NMCRS began with just one office. Now there are 51 full service offices and many smaller offices at small installations and onboard ships.
“A Navy-Marine Corps Relief Society office is located on every Marine and Navy installation around the world,” O'Hara said.
“Since its inception, the Navy-Marine Corps Relief Society has been working hard to provide quality of life services to the Marine Corps and Navy. We are committed to giving prompt, quality service to our clients and to the commands at MCAS Yuma.”
But to continue offering such services in the Yuma area, NMCRS needs more volunteers.
“Our need for volunteers is significant, since without them, NMCRS services become very limited,” O'Hara said.
“The current volunteer leadership is making a concerted effort to recruit new volunteers who will be ready to take over for volunteers leaving the area, following their military spouse to the next duty station, or winter visitors leaving for the season.”
More than “half our volunteers are spouses of active duty members and can expect to be at a duty station for 3 years or less, which means our volunteer workforce is renewing itself all the time,” O'Hara continued. “Recruitment is always a priority.”
NMCRS Yuma is seeking at least 15 new volunteers who will work an average of four to eight hours each week.
The volunteers will answer phones and perform other clerical duties “to assess the financial needs of our service members, process individual budgets, give good financial advice to prospective parents in a classroom setting, and to work in our Thrift Shop,” O'Hara said.
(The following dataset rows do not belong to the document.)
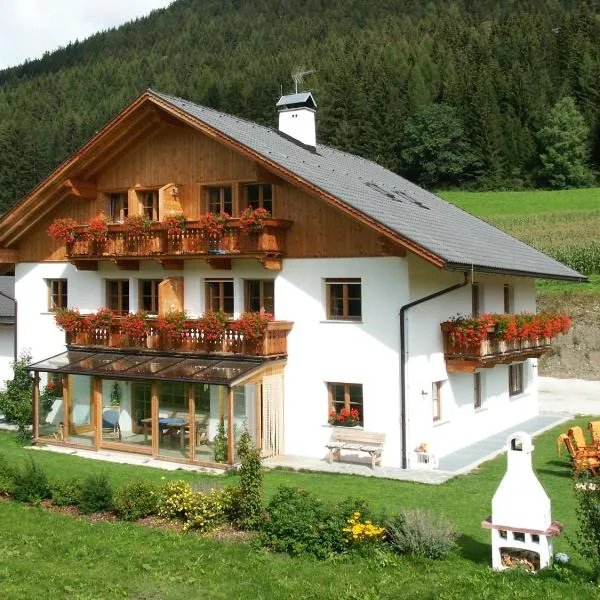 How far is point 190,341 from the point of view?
65.1 ft

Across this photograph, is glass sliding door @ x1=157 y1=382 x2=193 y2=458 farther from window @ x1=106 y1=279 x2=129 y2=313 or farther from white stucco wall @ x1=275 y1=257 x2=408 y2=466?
window @ x1=106 y1=279 x2=129 y2=313

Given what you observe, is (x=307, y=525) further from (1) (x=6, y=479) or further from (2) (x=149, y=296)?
(2) (x=149, y=296)

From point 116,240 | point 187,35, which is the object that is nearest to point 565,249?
point 116,240

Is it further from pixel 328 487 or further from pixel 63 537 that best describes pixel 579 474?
pixel 63 537

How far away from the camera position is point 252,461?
41.1 feet

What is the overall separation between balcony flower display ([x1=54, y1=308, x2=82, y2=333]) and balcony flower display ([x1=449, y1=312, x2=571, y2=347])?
10.3 meters

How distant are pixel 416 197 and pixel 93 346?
11.2m

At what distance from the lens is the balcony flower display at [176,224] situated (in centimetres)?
1998

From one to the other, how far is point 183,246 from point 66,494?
7.96 m

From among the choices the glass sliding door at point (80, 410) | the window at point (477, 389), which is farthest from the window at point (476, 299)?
the glass sliding door at point (80, 410)

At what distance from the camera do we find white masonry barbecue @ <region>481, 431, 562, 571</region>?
10.1 meters

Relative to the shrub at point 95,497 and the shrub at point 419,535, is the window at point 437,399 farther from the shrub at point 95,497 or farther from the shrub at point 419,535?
the shrub at point 95,497

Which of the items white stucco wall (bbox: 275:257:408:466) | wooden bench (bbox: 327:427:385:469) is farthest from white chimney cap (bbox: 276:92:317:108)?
wooden bench (bbox: 327:427:385:469)

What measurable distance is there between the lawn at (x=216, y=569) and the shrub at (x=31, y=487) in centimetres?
25
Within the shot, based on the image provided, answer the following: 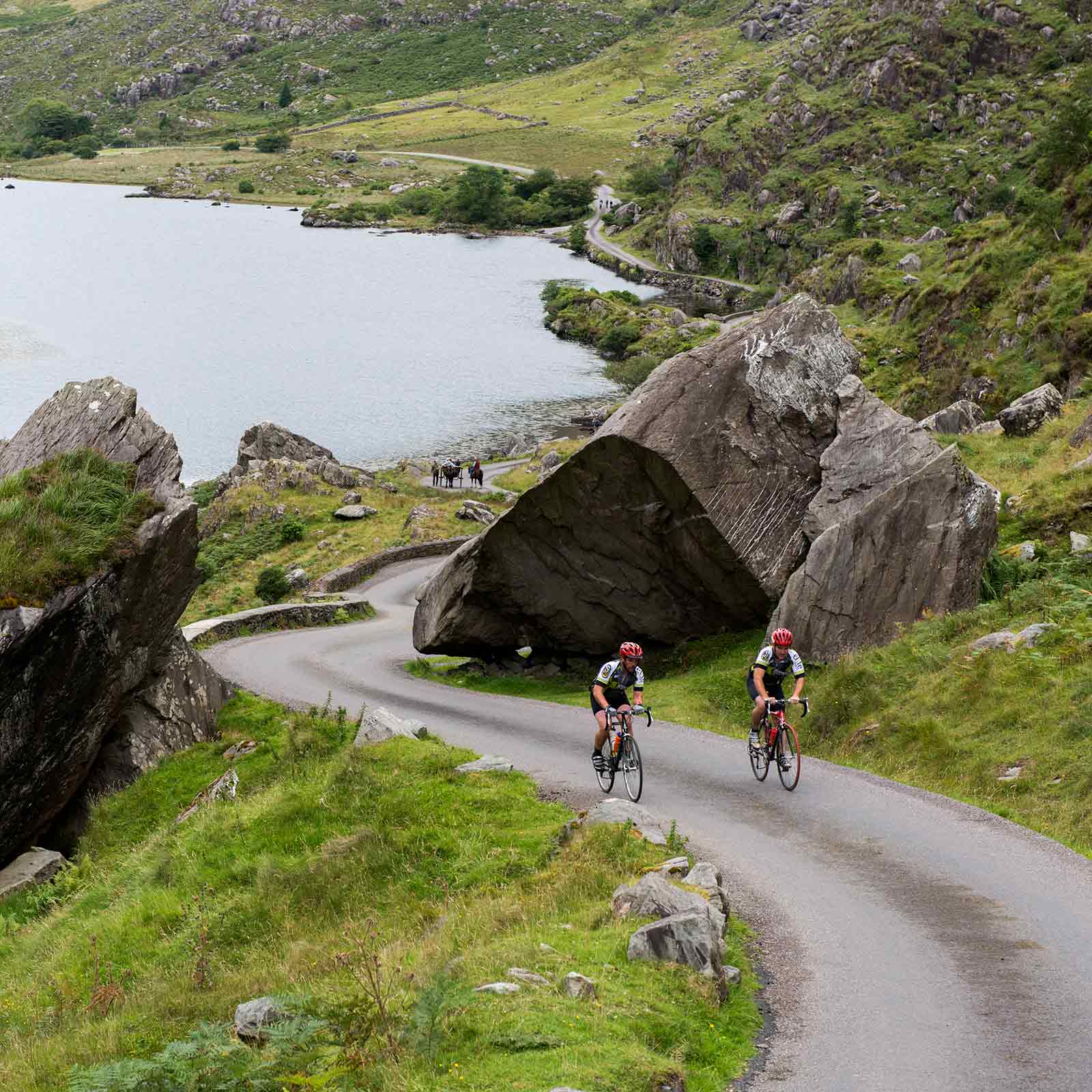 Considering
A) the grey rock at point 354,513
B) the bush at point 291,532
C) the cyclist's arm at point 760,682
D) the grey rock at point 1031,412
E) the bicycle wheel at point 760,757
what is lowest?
the bush at point 291,532

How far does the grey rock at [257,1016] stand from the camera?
10469mm

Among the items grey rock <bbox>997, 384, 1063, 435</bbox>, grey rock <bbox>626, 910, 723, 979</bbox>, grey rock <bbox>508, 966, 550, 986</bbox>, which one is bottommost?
grey rock <bbox>508, 966, 550, 986</bbox>

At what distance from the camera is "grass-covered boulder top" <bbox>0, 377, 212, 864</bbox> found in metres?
20.0

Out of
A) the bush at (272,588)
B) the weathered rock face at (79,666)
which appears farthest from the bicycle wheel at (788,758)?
the bush at (272,588)

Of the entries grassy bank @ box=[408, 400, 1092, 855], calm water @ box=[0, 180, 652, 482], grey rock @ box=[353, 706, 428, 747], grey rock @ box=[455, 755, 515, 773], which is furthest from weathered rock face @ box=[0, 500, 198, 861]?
calm water @ box=[0, 180, 652, 482]

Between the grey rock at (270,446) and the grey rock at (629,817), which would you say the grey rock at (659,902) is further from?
the grey rock at (270,446)

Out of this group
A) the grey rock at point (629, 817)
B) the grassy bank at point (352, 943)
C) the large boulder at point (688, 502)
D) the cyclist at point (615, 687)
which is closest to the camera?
the grassy bank at point (352, 943)

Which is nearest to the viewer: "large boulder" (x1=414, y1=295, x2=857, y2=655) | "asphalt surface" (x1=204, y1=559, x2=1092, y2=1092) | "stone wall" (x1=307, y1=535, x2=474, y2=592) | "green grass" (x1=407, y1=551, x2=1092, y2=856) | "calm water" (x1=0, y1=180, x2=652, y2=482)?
"asphalt surface" (x1=204, y1=559, x2=1092, y2=1092)

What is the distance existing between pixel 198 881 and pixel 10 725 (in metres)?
5.72

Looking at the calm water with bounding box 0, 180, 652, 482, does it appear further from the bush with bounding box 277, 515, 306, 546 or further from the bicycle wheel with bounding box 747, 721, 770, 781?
the bicycle wheel with bounding box 747, 721, 770, 781

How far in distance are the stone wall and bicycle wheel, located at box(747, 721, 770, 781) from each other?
27.8 metres

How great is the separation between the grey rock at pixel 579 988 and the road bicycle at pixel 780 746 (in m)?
7.75

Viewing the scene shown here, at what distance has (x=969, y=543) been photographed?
23312 mm

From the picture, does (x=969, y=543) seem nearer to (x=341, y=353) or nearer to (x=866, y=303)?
(x=866, y=303)
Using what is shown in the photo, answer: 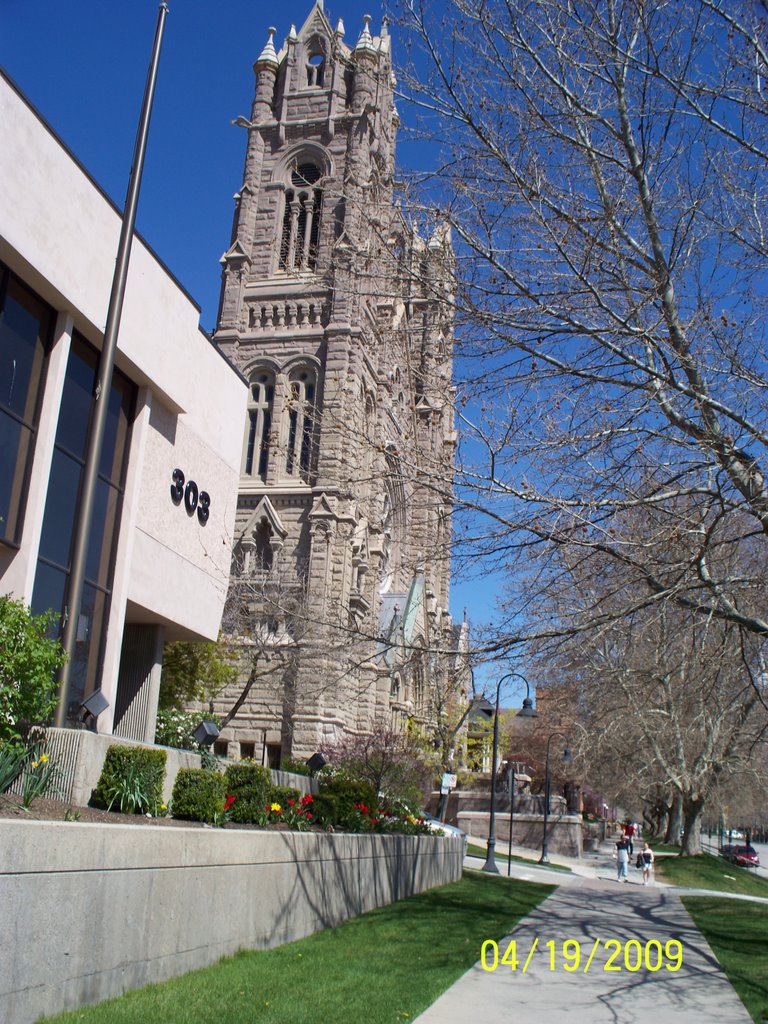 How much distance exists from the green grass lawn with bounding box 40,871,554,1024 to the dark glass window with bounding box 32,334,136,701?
584 cm

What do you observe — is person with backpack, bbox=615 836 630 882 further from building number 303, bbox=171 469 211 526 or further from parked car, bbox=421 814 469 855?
building number 303, bbox=171 469 211 526

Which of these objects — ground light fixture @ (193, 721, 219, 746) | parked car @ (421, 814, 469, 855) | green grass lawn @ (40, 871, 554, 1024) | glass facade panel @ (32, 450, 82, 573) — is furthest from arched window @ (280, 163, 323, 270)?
green grass lawn @ (40, 871, 554, 1024)

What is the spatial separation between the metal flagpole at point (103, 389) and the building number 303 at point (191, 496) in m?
5.84

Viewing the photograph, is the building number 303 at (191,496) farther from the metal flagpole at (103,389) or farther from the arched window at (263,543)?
the arched window at (263,543)

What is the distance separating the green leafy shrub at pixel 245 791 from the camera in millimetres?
10992

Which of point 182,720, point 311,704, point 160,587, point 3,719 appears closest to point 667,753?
point 311,704

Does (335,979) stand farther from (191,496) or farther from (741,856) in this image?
(741,856)

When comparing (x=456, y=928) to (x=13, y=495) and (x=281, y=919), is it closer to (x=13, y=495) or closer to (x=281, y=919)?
(x=281, y=919)

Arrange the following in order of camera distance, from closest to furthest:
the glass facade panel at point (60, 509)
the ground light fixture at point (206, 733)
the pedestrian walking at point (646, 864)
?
the glass facade panel at point (60, 509), the ground light fixture at point (206, 733), the pedestrian walking at point (646, 864)

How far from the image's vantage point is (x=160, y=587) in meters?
17.2

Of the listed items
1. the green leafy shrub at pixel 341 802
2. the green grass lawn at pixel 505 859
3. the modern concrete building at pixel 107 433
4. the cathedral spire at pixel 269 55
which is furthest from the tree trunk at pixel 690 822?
the cathedral spire at pixel 269 55

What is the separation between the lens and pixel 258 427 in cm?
4444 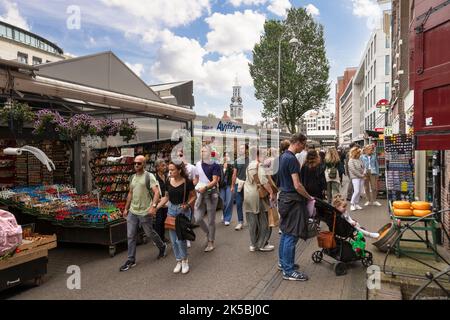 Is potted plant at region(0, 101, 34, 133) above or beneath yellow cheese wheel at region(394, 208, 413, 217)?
above

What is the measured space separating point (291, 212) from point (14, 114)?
4.98m

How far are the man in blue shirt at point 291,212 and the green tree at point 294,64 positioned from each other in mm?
32605

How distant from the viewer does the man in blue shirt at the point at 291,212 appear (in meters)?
4.64

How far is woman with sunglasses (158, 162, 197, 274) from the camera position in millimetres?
5152

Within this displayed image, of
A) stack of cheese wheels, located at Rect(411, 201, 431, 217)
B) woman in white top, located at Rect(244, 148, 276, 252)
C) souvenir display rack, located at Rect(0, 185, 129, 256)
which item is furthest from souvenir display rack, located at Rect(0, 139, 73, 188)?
stack of cheese wheels, located at Rect(411, 201, 431, 217)

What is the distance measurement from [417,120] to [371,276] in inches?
84.0

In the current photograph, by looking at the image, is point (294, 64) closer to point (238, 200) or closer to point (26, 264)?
point (238, 200)

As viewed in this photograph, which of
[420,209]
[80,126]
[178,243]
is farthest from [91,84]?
[420,209]

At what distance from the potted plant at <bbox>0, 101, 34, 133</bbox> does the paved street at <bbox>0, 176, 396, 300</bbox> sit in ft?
8.47

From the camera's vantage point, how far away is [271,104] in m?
37.1

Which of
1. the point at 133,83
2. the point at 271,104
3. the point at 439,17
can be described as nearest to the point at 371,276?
the point at 439,17

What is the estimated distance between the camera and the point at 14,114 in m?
5.90

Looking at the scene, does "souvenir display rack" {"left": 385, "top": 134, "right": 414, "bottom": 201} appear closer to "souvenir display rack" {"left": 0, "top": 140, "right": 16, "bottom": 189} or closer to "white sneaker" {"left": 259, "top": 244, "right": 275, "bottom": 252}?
"white sneaker" {"left": 259, "top": 244, "right": 275, "bottom": 252} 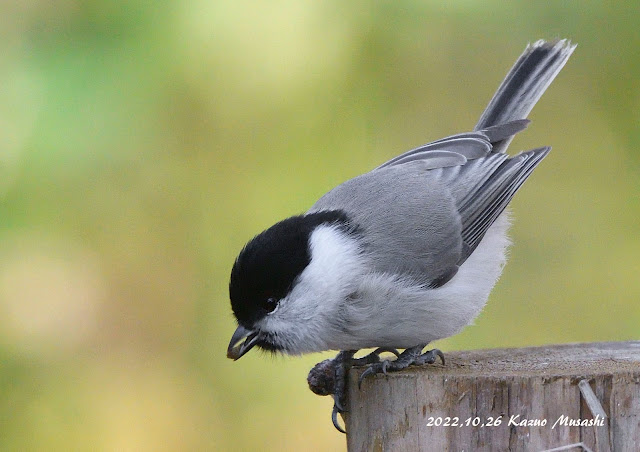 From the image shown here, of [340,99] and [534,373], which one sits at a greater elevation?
[340,99]

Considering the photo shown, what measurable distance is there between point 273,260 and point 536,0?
1.92m

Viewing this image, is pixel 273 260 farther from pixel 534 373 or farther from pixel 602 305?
pixel 602 305

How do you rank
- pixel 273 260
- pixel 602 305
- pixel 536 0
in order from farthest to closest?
pixel 602 305 → pixel 536 0 → pixel 273 260

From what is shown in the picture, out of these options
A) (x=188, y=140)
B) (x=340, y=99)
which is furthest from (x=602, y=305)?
(x=188, y=140)

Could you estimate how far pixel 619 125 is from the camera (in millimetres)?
3428

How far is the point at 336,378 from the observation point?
2.04 m

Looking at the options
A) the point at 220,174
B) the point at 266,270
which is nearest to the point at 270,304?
the point at 266,270

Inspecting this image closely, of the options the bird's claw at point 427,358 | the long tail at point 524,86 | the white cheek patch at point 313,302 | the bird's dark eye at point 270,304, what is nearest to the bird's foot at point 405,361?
the bird's claw at point 427,358

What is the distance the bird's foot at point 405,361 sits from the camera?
186 centimetres

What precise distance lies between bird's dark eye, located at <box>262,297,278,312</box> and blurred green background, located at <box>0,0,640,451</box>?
1181mm

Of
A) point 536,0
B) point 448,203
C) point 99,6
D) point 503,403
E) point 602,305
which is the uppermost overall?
point 99,6

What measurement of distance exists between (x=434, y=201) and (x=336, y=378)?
1.90 ft

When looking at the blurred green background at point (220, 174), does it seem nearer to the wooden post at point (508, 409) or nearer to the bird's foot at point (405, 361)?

“We also have volunteers who work from home, knitting, crocheting, and quilting baby blankets. The blankets are included in a bag of baby items given free to expectant parents. All materials for blankets are provided or the cost is reimbursed.”
Volunteers are the backbone of the society, O'Hara added, noting over 90 percent of the NMCRS workforce is comprised of volunteers.
“The society could not function without their continued selfless, reliable, and compassionate giving of time and talents to those in need. These sensitive and caring individuals have formed an indispensable component enabling the Navy-Marine Corps Relief Society to carry out its tradition of ‘helping the Navy and Marine Corps take care of their own.'”
NMCRS also accepts monetary donations to continue its mission of service.
“The society is not part of the military or government and does not receive any military or government funds,” O'Hara said. “All monies used by the society come solely from donations. All donations help us widen the scope of our assistance in times of financial hardship. Be assured, every contribution benefits active duty and retired Marines, sailors, and their families.”